Two hundred years ago, a young Frenchman told the world (well, France) that he had begun translating the hieroglyphs on the artifact we know today as the Rosetta Stone.
On 27 September 1822, Jean-François Champollion (1790-1832) presented an eight-page draft of his translations to “a packed room” of members of the Académie des Inscriptions et Belles-Lettres in Paris. In late October 1822, the final version of his paper was 44 pages long and featured four illustrated plates.
The journey to his translation was long and windy.
At age 16, Champollion was “familiar” with Amharic (a Semitic language from Ethiopia), Chinese, Coptic, Greek and Latin. In addition to his native French.
He had presented a paper 16 years earlier linking Coptic (an African language) with Egyptian. That hypothesis wasn’t “quite correct (Coptic is not identical to ancient Egyptian, but derived from it),” but it began his investigation into one of the greatest mysteries of the 19th century.
But the journey goes much further back in time.

After Alexander the Great conquered Egypt in 332 BCE, Greek became the language of government. Resentment followed (no surprise, that). “By Ptolemy V’s reign in 205 BCE the country was in open revolt and the Rosetta stone was one of many that Ptolemy commissioned as a piece of political propaganda.”
Jump forward a millennium.
A French captain, Pierre-François Bouchard, discovered that bit of carved propaganda on 15 July 1799 CE, after Napoleon invaded Egypt. Captain Bouchard found the block of basalt at “Al Rashid (known to the Italians and French as Rosette).”
The broken slab of basalt was inscribed with three different types of writing: hieroglyphic, demotic, and Greek. It contained 14 lines of hieroglyphic script, 32 lines in Demotic and 53 lines of Ancient Greek.
In February 1802, the Rosetta stone landed in England after Napoleon lost his fight with England. It has subsequently been on display in the British Museum except for a break during World War I.
In the early years of the 19th century, scholars began the work of deciphering the stone.
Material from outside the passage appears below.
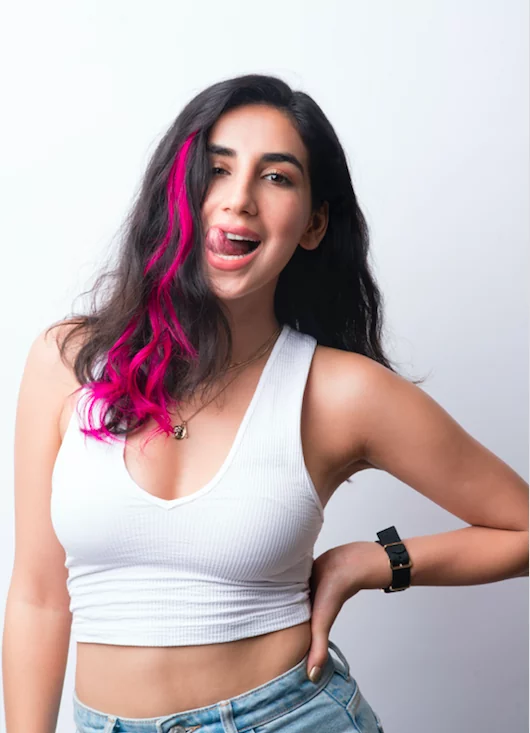 Kinky Pinky – #Strandout- Coloured clip-In Hair - Image 6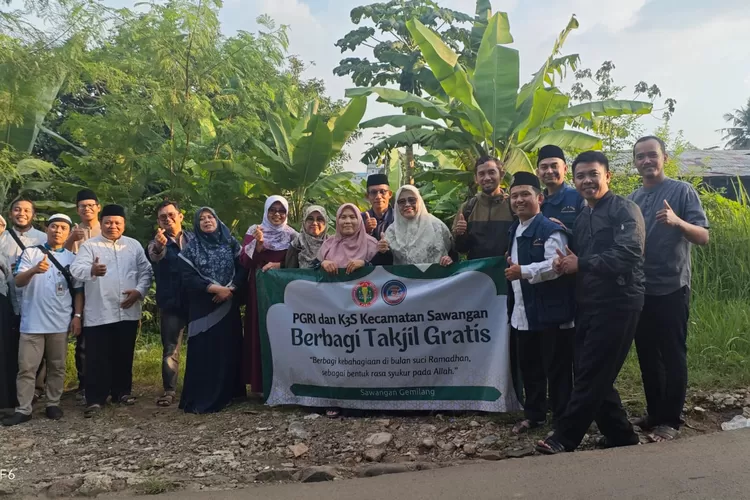 Foto bersama usai melakukan kegiatan pembagian takjil di Jalan pemuda, Kelurahan Sawangan Baru, Kecamatan Sawangan (ANDIKA EKA/RADAR DEPOK)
English physicist Thomas Young (1773–1829) was one of the first to find a crack. He identified the names of king Ramses.
Champollion’s breakthrough is celebrated as one of history’s great “lightbulb” moments: It occurred on September 14, 1822, when he fully deciphered the name Ramses in a hieroglyphic text from the Abu Simbel temple complex built by Ramses II (“the Great”). Champollion realised the name was formed by a combination of “figurative, symbolic, and phonetic all at once.” Filled with joy, he cried, “Je tiens l’affaire—I’ve got it!” Days later, he wrote his “Lettre à M. Dacier,” the secretary of the Académie Royale des Inscriptions et Belles-Lettres in Paris with a list of 25 confirmed phonetic signs in demotic script and hieroglyphs.
We now know that the inscription on the Rosetta Stone is “a decree passed by a council of priests… that affirm[s] the royal cult of the 13-year-old Ptolemy V on the first anniversary of his coronation (in 196 BCE).”
According to the inscription on the Stone, an identical copy of the declaration was to be placed in every sizeable temple across Egypt. Whether this happened is unknown, but copies of the same bilingual, three-script decree have now been found and can be seen in other museums. The Rosetta Stone is thus one of many mass-produced stelae designed to widely disseminate an agreement issued by a council of priests in 196 BC. In fact, the text on the Stone is a copy of a prototype that was composed about a century earlier in the 3rd century BC. Only the date and the names were changed!
Champollion, 41, died in Paris in 1832.
His 1824 Précis du système hiéroglyphique des anciens Égyptiens contains 400 pages of discussion and a separate volume of plates with words, signs, and sign groups in hieroglyphs, demotic script, and Coptic, and was the greatest contribution to hieroglyphic research of any scholar at that time. Champollion’s opening up of hieroglyphics enabled Egyptologists to eavesdrop on the thoughts of the ancient Egyptians, and to understand in ever greater depth the religious and social composition of their world.